Sentence corpus - train part — train

This corpus contains sentences from the abstract and introduction of 30 scientific articles that have been annotated (i.e. labeled or tagged) according to a modified version of the Argumentative Zones annotation scheme.

train_sentences

Format

2 data frame with 3117 rows and 2 variables:

text: the sentences as a character vector
class.text: the category of the sentence

Source

https://archive.ics.uci.edu/ml/datasets/Sentence+Classification

Details

These 30 scientific articles come from three different domains:

PLoS Computational Biology (PLOS)
The machine learning repository on arXiv (ARXIV)
The psychology journal Judgment and Decision Making (JDM)

There are 10 articles from each domain. In addition to the labeled data, this corpus also contains a corresponding set of unlabeled articles. These unlabeled articles also come from PLOS, ARXIV, and JDM. There are 300 unlabeled articles from each domain (again, only the sentences from the abstract and introduction).
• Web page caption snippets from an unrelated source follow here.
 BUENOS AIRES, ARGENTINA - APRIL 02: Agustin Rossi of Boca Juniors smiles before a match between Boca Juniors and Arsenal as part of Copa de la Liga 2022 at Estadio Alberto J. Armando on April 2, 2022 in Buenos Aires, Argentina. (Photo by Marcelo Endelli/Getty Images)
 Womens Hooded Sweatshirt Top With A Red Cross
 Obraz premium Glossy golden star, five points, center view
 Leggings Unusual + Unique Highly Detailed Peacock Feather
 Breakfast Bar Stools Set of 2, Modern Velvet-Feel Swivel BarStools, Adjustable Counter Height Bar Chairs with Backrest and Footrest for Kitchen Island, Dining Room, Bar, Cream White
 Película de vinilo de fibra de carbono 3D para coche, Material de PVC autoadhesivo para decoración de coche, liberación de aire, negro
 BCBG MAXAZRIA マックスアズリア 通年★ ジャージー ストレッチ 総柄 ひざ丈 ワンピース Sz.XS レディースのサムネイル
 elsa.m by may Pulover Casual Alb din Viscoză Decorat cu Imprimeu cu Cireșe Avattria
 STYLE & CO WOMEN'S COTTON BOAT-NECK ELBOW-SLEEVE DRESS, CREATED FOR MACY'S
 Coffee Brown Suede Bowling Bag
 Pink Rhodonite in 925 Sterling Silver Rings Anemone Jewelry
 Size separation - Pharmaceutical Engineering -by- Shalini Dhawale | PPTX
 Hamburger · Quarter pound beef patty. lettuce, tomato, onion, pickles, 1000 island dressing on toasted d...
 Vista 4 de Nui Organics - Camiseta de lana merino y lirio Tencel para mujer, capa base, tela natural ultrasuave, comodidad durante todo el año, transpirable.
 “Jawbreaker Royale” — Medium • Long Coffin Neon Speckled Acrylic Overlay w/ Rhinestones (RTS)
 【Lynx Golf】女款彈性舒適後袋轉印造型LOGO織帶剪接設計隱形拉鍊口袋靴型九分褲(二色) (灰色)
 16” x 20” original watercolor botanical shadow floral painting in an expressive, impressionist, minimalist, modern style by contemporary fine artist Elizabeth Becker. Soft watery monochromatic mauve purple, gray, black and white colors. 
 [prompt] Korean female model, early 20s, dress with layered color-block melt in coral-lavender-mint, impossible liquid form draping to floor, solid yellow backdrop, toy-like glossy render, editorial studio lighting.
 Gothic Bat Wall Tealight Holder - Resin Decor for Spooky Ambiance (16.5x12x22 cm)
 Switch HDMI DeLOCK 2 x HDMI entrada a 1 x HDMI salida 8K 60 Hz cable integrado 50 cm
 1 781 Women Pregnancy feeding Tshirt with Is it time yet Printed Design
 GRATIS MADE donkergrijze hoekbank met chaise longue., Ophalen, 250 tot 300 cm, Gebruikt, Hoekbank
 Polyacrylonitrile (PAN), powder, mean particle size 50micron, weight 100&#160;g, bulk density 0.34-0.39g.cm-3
These unlabeled articles can be used for unsupervised or semi-supervised approaches to sentence classification which rely on a small set of labeled data and a larger set of unlabeled data.

===== References =====

S. Teufel and M. Moens. Summarizing scientific articles: experiments with relevance and rhetorical status. Computational Linguistics, 28(4):409-445, 2002.

S. Teufel. Argumentative zoning: information extraction from scientific text. PhD thesis, School of Informatics, University of Edinburgh, 1999.